Genial ! Damit ist doch schon mal ein Großteil der möglichen Anschläge ausgeschlossen ! :-))

(Ich frage mich allerdings, warum die sonst so einfallsreichen Gallier noch nicht auf die Idee gekommen sind, mit Rasenmähern und Motorsägen eine lange Schlange vor den Tankstellen zu kreieren)

Montag, 28.01.13 23:32
 

Schönen Polizeistaat habt ihr da.
Ist einer der Gründe, weshalb ich weg bin.

Und wenn ich sowas lese, frag ich mich, was die Leute gesoffen haben:

"Auch fordert Kühn, Alkohol stärker zu besteuern. So habe das Steuergesetz für Alcopops dazu geführt, dass diese Mischgetränke fast vollständig vom Markt verschwunden seien"

Klar sind die Alkopos verschwunden. Die waren dann ja gleich mal doppelt so teuer. Aber jetzt kauft man sich die Zutaten (Vodka+Bitter Lemon o.ä.) halt einzeln und mixt sich das Zeugs selbst. Klar, das konnte man davor auch. War aber nicht nötig, weil es das ja schon fertig gab. Jetzt hat man nen minimalen Mehraufwand. Geändert hat sich dadurch gar nichts. Ausser dass ein paar Politiker jetzt sagen können, ihre Politik hätte was gebracht.

Das einzig Gute an der ganzen Diskussion ist, dass man darüber nachdem die Promillegrenze im Strassenverkehr zu senken. Die darf von mir aus auch auf 0,0 runter.

EK
Dienstag, 29.01.13 08:58
 

wo bist du denn jetzt bzw. wo ist es besser bzw. wo herrscht die anarchie?

Dienstag, 29.01.13 12:04
 

Neukölln

Dienstag, 29.01.13 12:08
 

Oha, jetzt wieder diese Freiburg-Berlin- Endlosgeschichte.

Ja, in der Hermannstrasse gehts durchaus heiss her und in der Hasenheide liegt auch immer eine spezielle Luft.

Dienstag, 29.01.13 14:22
 

und der flughafen ist schöner grösser besser etc als in freiburg.
also irgendwann vielleicht mal..

Dienstag, 29.01.13 23:49
 

Ich hab nen Umweg über Stuttgart gemacht. Da gibt's nen schönen Bahnhof. Großprojekte versaut man auch im guten, alten Baden-Württemberg.

Aber hier geht's doch eigentlich nicht drum, was besser oder schlechter ist.

Meine Aussage war lediglich, dass es in Baden-Württemberg und damit auch in Freiburg für mich unerträglich geworden ist.
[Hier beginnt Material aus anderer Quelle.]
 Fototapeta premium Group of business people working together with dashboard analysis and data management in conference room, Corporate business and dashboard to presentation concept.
Und das ist keine Entwicklung der letzten 1-2 Jahre, das geht schon lange so.

Mittwoch, 30.01.13 07:29
 

Freiheitliche, liberale Entwicklung ist das aber nicht, oder?

Wird wieder Zeit für ne liberale Regierungspartei!!!

EK
Mittwoch, 30.01.13 09:08
 

eine liberale regierungspartei?wenn du damit die speichellecker in gelb-blau meinst:gab es -bis auf ein übergangsjahr-nie in bawü.
und am rande:nur weil man sich "die liberalen" und "freiheitlich"nennt, ist man dies noch lange nicht.

Mittwoch, 30.01.13 09:45
 

Deshalb wirds ja Zeit für eine Beteiligung der Liberalen an der Regierungsmacht!
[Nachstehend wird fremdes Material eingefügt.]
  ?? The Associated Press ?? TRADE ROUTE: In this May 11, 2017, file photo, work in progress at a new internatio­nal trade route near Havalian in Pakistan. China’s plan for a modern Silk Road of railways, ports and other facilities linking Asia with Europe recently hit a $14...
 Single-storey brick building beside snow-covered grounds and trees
Die grünen Herrschaften sind stellenweise konservativer wie der rechte Flügel der CDU, gut verschwurbelt mit grünen Basisgedanken scheint das Gedankengut allgemein durchsetzbar zu sein.
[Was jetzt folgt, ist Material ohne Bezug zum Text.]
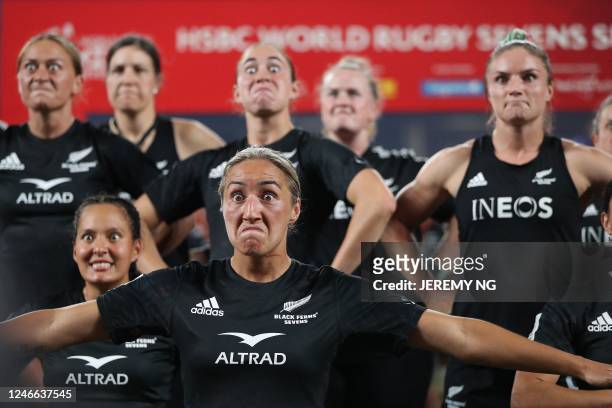 New Zealand's players pefrom the Haka as they celebrate winning the women's competition in the World Rugby Sevens series, at the Allianz Stadium in...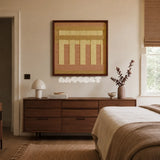 Autumn Mountain SQ034 tan blush and golden yellow framed yarn art above a wood dresser in a warm neutral bedroom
....langsam wird mir übel ob der polizeistaatlichen Mitteln der Regierung in BaWü. Wenn selbst die Gemeinden in ihren Polizeiverordnungen selbst kleinste Dinge übervorsichtig und detailiert regeln wollen - wie schon früher: in Berlin werden die Gesetze gemacht, in Bayern angeschaut und herzlich drüber gelacht - um in BaWü dann überkorrekt und mit vorauseilendem Gehorsam ausgeführt zu werden!

Mittwoch, 30.01.13 10:03
 

Aktuell: http://fudder.de/artikel/2013/01/30/innenstadt-laerm-gemeinderat-stimmt-gegen-ordnungsdienst/ - FDP für kommunalen Ordnungsdienst - zwar nicht so sehr wie CDU, aber trotzdem.

Mittwoch, 30.01.13 10:11
 

gestern Story gehört: Polizei wird gerufen wegen Bedrohung mit Messer, Täter wirft Messer im Dunklen weg, Polizei kommt, Täter sagt "ich hab nichts gemacht", Polizei sagt "da kann man nichts machen", zieht ab. Sucht nicht das Messer, nimmt (ich kanns kaum glauben) noch nicht mal die Personalien auf.

Und das bei einem (Androhung von-) Gewaltdelikt. Was dann erst bei solchen Bagatellen wie Alkoholbesitz, oder Gröhlen?.

Verbote gibt es schon übergenug, das Problem ist die Durchsetzung.

Mit noch mehr Verboten wird der Unterschied zwischen Theorie und Praxis noch größer, dann wird es erst recht nicht mehr ernstgenommen.